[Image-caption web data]
########
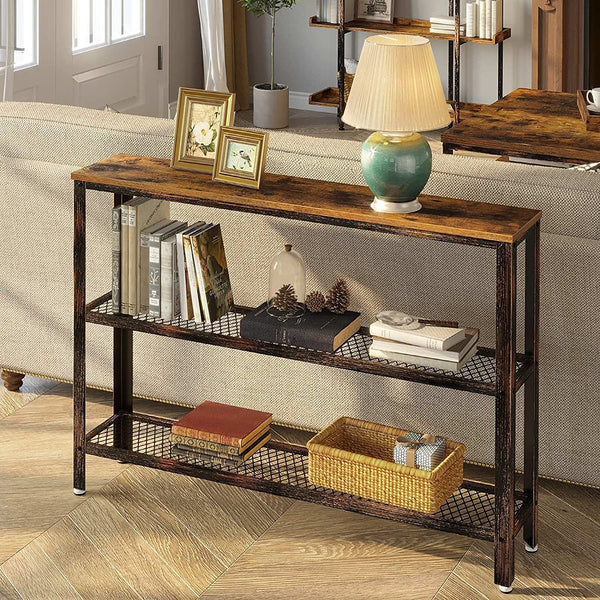 Rustic Console Table 47.25 Inch Long With Mesh Shelves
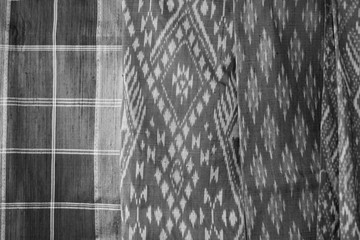 Black and white images, unique fabric patterns of folk fabric in Isan, Thailand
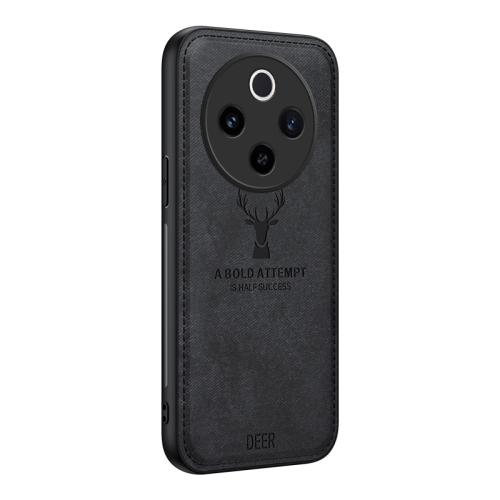 

For vivo Y300 Pro Deer Head Cloth Skin All-inclusive Phone Case(Black)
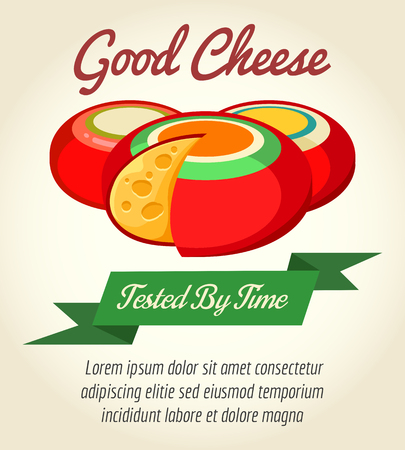 Cheese product retro poster. Dutch cheese like Gauda vintage placard vector illustration.のイラスト素材
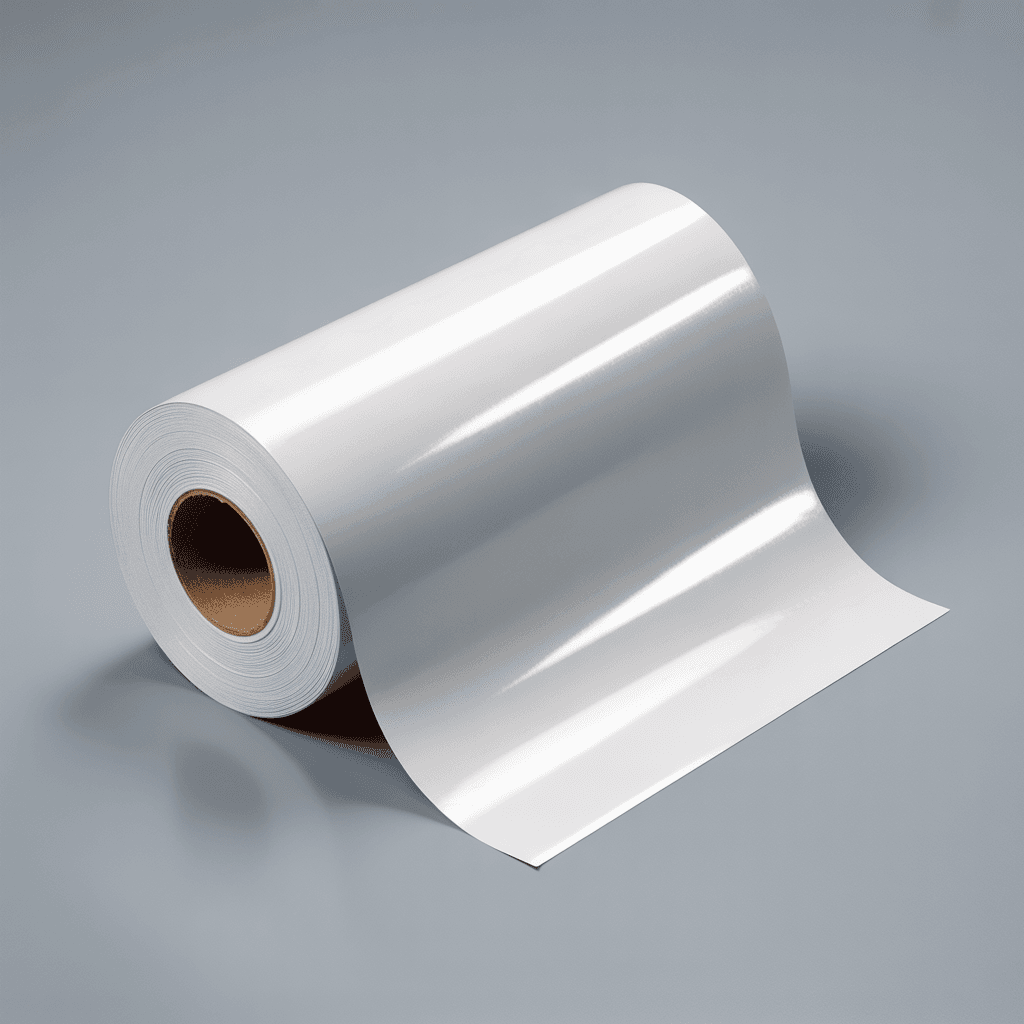 White Vinyl Decal Mockup - Roll and Sheet Views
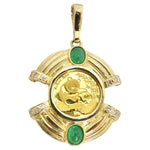Coin Pendent 24K Gold with Emeralds and Diamond
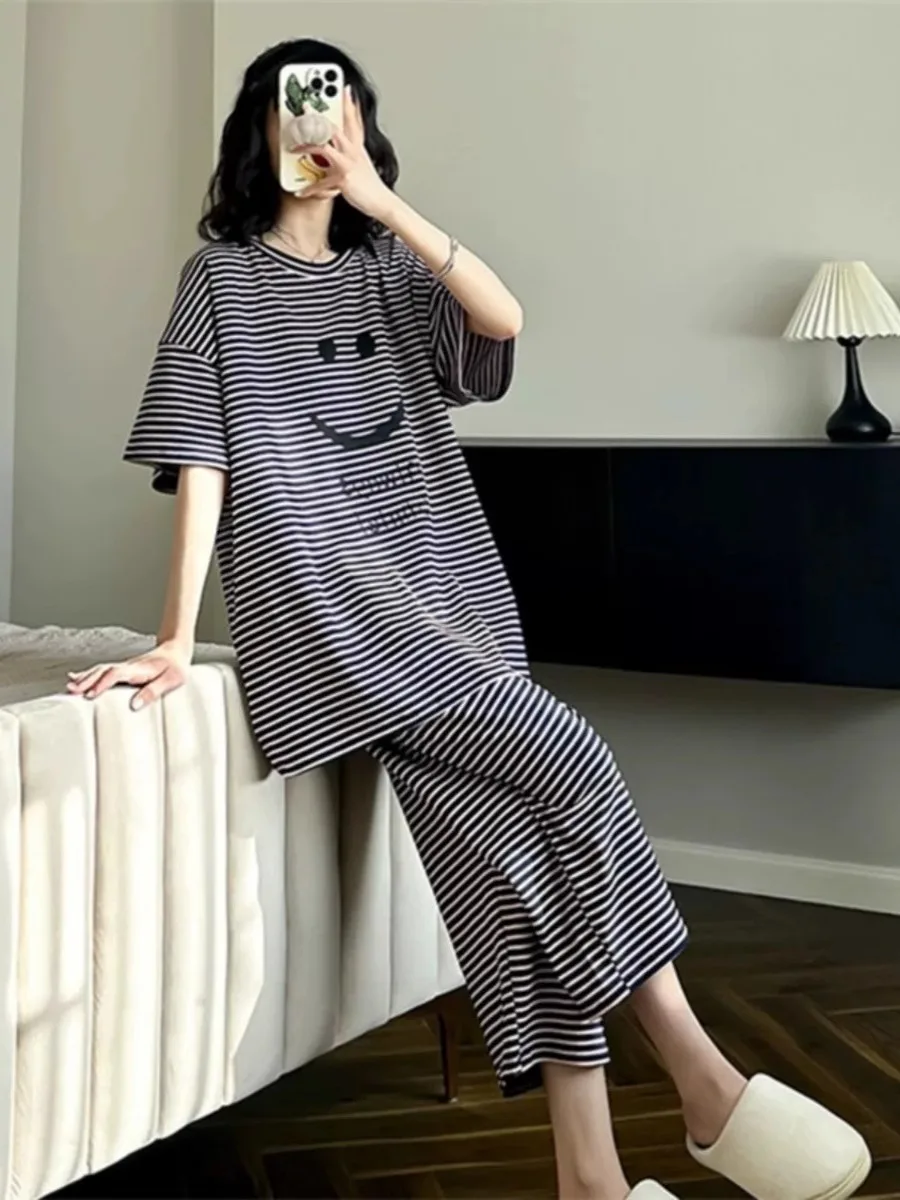 

plus Size 300 Pounds Fat Sister Summer Striped Sleepwear Set Women Casual Short Sleeve Home Clothes Two Piece Set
########
## Aim of the task
Restate word for word, and only, the lines from the line that contains "For vivo Y300" through the end of the data, both included; pictures are not part of the copy.

## Solution below
For vivo Y300 Pro Deer Head Cloth Skin All-inclusive Phone Case(Black)
 Cheese product retro poster. Dutch cheese like Gauda vintage placard vector illustration.のイラスト素材
 White Vinyl Decal Mockup - Roll and Sheet Views
Coin Pendent 24K Gold with Emeralds and Diamond

plus Size 300 Pounds Fat Sister Summer Striped Sleepwear Set Women Casual Short Sleeve Home Clothes Two Piece Set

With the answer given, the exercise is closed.